92 de Dik (1997) concernentes às regras abstratas de formação de predicados verbais e nominais subjacentes. Apresentamos, assim, na subseção 4.2.1, nossa proposta de formalização dos predicados formadores das construções Vsup + N. Essa proposta mostrou-se bastante efetiva, não só por captar os fenômenos e fatos expressos pelas construções pesquisadas, mas também por estar em consonância com os princípios teórico-operacionais da Teoria da Gramática Funcional. A análise formal das construções com verbos-suporte abriu caminho para compreender, explicar e descrever, de modo mais aprofundado, os aspectos gramaticais envolvidos na formação desses predicados complexos e, ainda, evidenciou as causas da alta produtividade e o uso desses predicados na área da informática. Verificamos, na seção 4.3, que o bloco predicativo Vsup + N, recebe a função pragmática Foco. A configuração dessa função pragmática a esse predicado forneceu indícios de que a formação e a produtividade dessas construções, na área de especialidade estudada, estão relacionadas a necessidades comunicativas ou pragmáticas. A fim de apurar esses indícios, procedemos, na subseção 4.3.1, à substituição das construções pesquisadas por formas verbais plenas equivalentes. Esse experimento confirmou que o uso de verbos plenos em lugar de construções com verbos-suporte não é equivalente, ainda que esses predicados sejam parafraseáveis e figurem em um mesmo contexto lingüístico.
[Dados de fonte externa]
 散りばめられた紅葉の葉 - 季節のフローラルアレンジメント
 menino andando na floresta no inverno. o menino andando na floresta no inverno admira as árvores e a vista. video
Assim

sendo,

ficou

demonstrado

que

alguns

efeitos

comunicativos

e

informacionais, na área da informática, são obtidos, exclusivamente, com uso de construções com verbos-suporte. Concluímos, pois, que a formação e a alta produtividade dessas construções, nessa área de especialidade, são determinados por fatores pragmáticos. Diante dos resultados alcançados, observamos, ademais, que o estudo realizado traz importantes contribuições para as pesquisas terminológicas, lexicológicas.

93 Para a terminologia, o estudo empreendido é importante, uma vez que parte da análise dos nomes terminológicos que constituem os núcleos predicativos das construções com verbos-suporte, subordinando a formação desses predicados analíticos às categorias nominais. Os nomes, como sabemos, são a categoria mais básica de análise terminológica, pois, prototipicamente, retêm e transmitem o conhecimento especializado num determinado âmbito de especialidade. Assim sendo, foi possível, por meio de nossas análises, considerações e conclusões, entender, explicar e descrever os contextos lingüísticos, nos quais ocorrem essas unidades terminológicas. Verificamos, com isso, que as construções com verbos-suporte, enquanto fraseologismos, transmitem, por meio de seus núcleos predicativos, o conhecimento especializado da área da informática. Para a lexicologia, o presente estudo é importante, à medida que evidencia os mecanismos de ampliação do léxico da língua portuguesa, quando do recebimento de novas palavras. Verificamos que a formação de algumas construções com verbos-suporte é uma estratégia lexical obrigatória para adaptar os novos vocábulos trazidos por novas tecnologias ao sistema lingüístico do português.